I found a syntax that gives the desired result but it's quite nasty.

iris %>% select(!!!lapply(lapply(grpdims, quo_expr), function(x) quo(-!!x)))

To understand what's happening here look at these partial results and then please suggest something better.

lapply(grpdims, quo_expr) # a list of bare names
lapply(lapply(grpdims, quo_expr), function(x) quo(-!!x)) # a list of negated quosures
1 Like

Fwiw, this works: select(iris, -c(!!!grpdims))

Maybe the reasoning for c(!!!v) is similar to why one does list(...) inside a function.

4 Likes

Brilliant! I feel like I need to change the title from "painful" to "not obvious to me".

The next version has full support of character vectors so this will work:

vars <- c("cyl", "am")
select(mtcars, - !! vars)

In fact the following would also work:

select(mtcars -vars)

Except when the data frame has a vars columns, which is why it's preferable to unquote it early.

Edit: Forgot to add that only selecting functions will support character vectors this way. For other kinds of functions that would be ambiguous because strings are valid input, e.g. mutate(mtcars, "foo") creates a new column by recycling "foo". Because of this ambiguity you need to unquote expressions in the general case.

5 Likes

I guess I'm confused about the general approach one should take to handling lists of variables.

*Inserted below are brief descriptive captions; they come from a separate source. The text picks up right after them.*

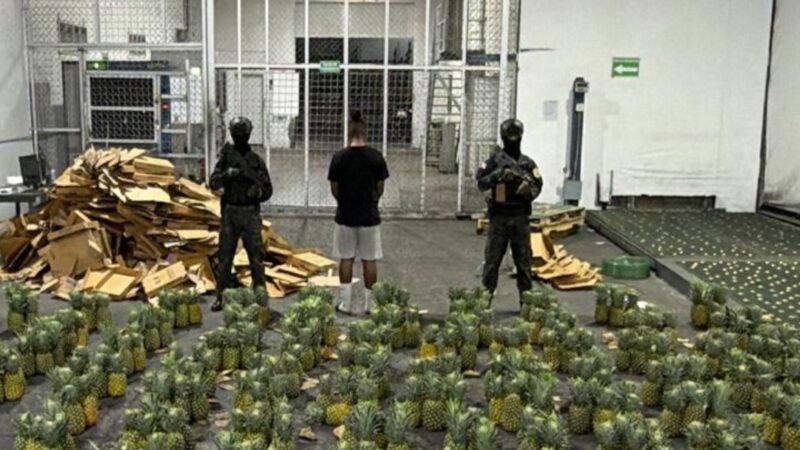 Desmantelan Operación de Cocaína Oculta en Piñas con Destino a Afganistán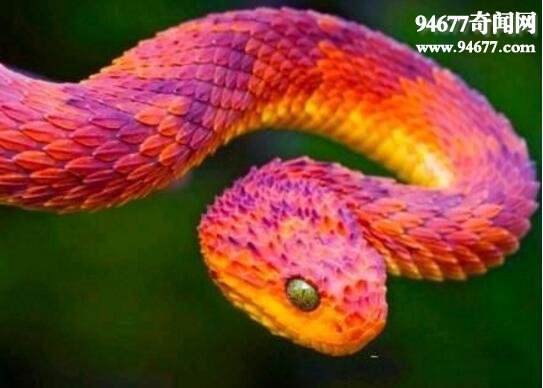 世界上最奇异的蛇，香蛇(散发避虫体香)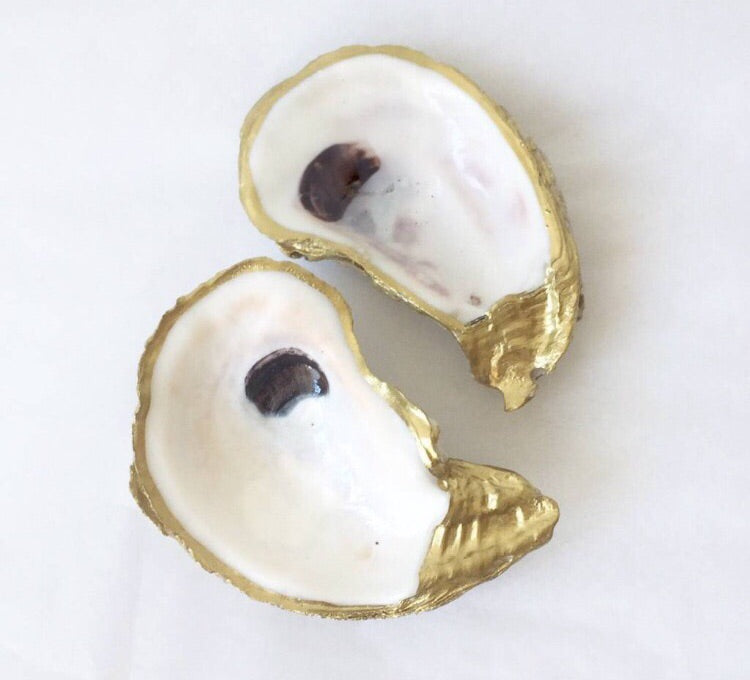 Gilded Oystershell-Small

I've been moving towards quos(var1, var2) rather than c("var1", "var2"). Is that still the preferred approach?

Yes it is fine to create expressions containing column names, this is the approach that will work most generally. The support for character vectors in select() is for convenience.

Frank's answer is perfectly valid. Here's the output when we wrap it with expr() to examine the expansion:

vars <- syms(c("a", "b", "c"))
expr(-c(!!! vars))
#> -c(a, b, c)

Got it. Just to document here, when I start with quosures rather than strings the expression I pass looks like this.

qars <- quos(a, b, c)
expr(-c(!!! qars))
#> -c(~a, ~b, ~c)

Right, here are the three possibilities:

# Strings
expr(-c(!!! c("a", "b", "c")))
#> -c("a", "b", "c")

# Quoted symbols
expr(-c(!!! syms(c("a", "b", "c"))))
#> -c(a, b, c)

# Quosured symbols
expr(-c(!!! quos(a, b, c)))
#> -c(~a, ~b, ~c)

It is not necessary to wrap symbols in quosures if you're only referring to data frame columns, which would most likely be the case with select(). The only added value of the quosure is that it carries information about the context where it was created so that you can refer to local variables.

1 Like

I've been using quosured symbols to avoid all the quotation marks.

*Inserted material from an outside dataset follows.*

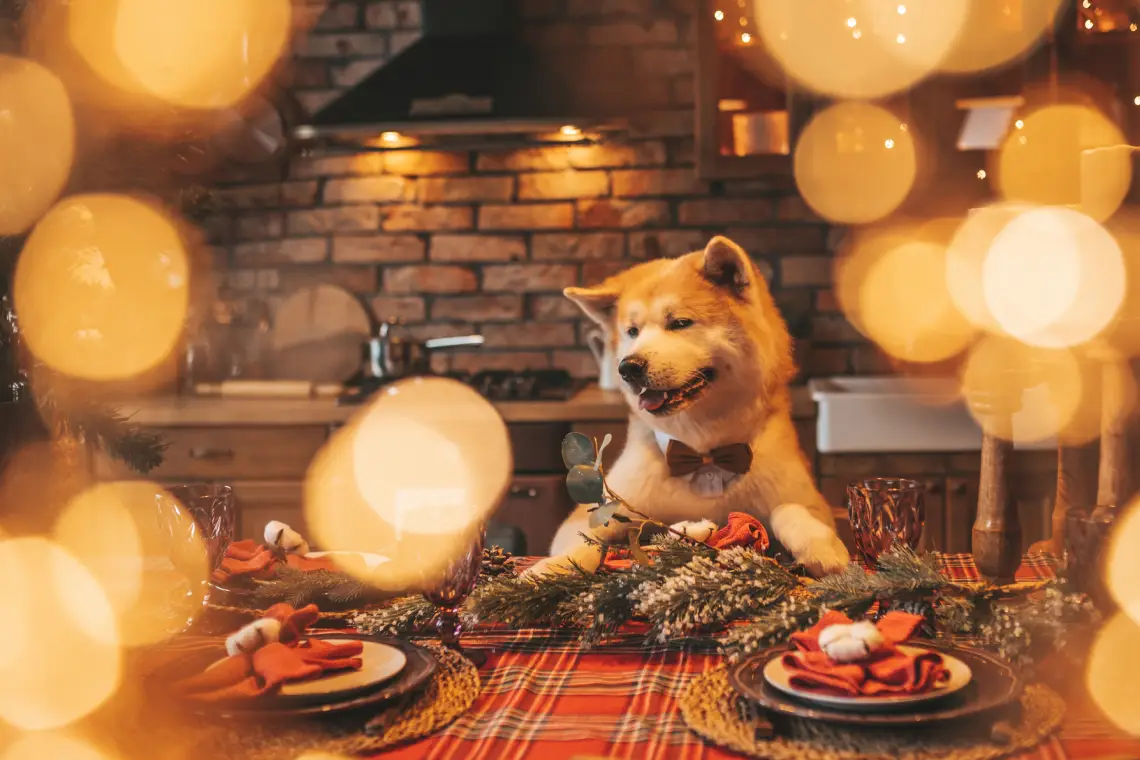 Tips de Alimentos de Navidad que debes evitar darle a tu perro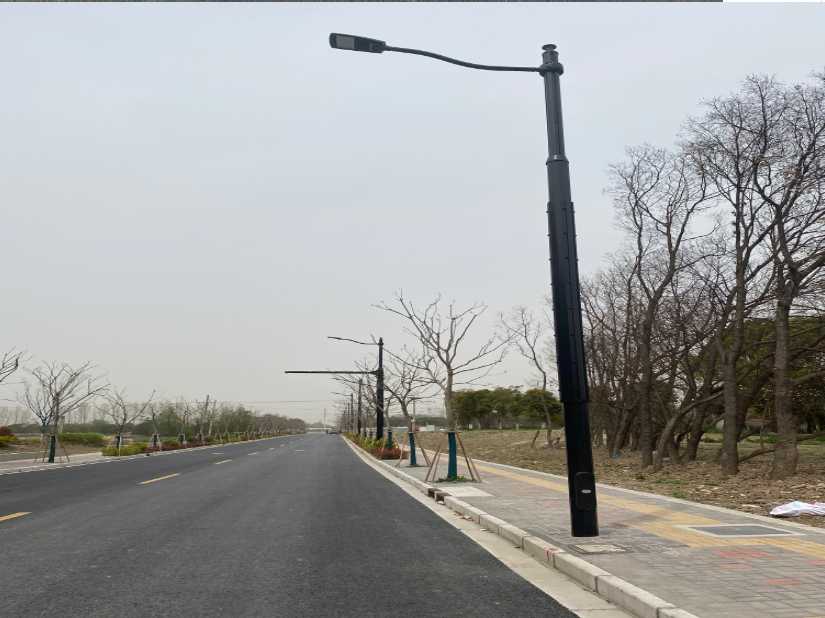 横山区上海综合杆 太阳能路灯工程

Is there a forth version where we delay evaluation of the symbols but don't bother capturing the context?
My first attempt crashes R.

# Bare expression
expr(-c(!!! expression(a, b, c))) # crashes R

ohh that's not good! I'll fix that, thanks.

expression() is a base function that creates objects of a very peculiar type that are no longer put to any real use except as the return value of base::parse(). It is a bit confusing but when we mention expression we pretty much never mean that particular type, we mean either symbols or calls.

To capture a list of raw expressions you can use the plural version of expr():

expr(-c(!!! exprs(a, b, c)))
#> -c(a, b, c)

It also supports unquoting:

exprs(
  !! 10 + 1,
  !!! letters[1:3]
)
#> [[1]]
#> 11
#>
#> [[2]]
#> [1] "a"
#>
#> [[3]]
#> [1] "b"
#>
#> [[4]]
#> [1] "c"
1 Like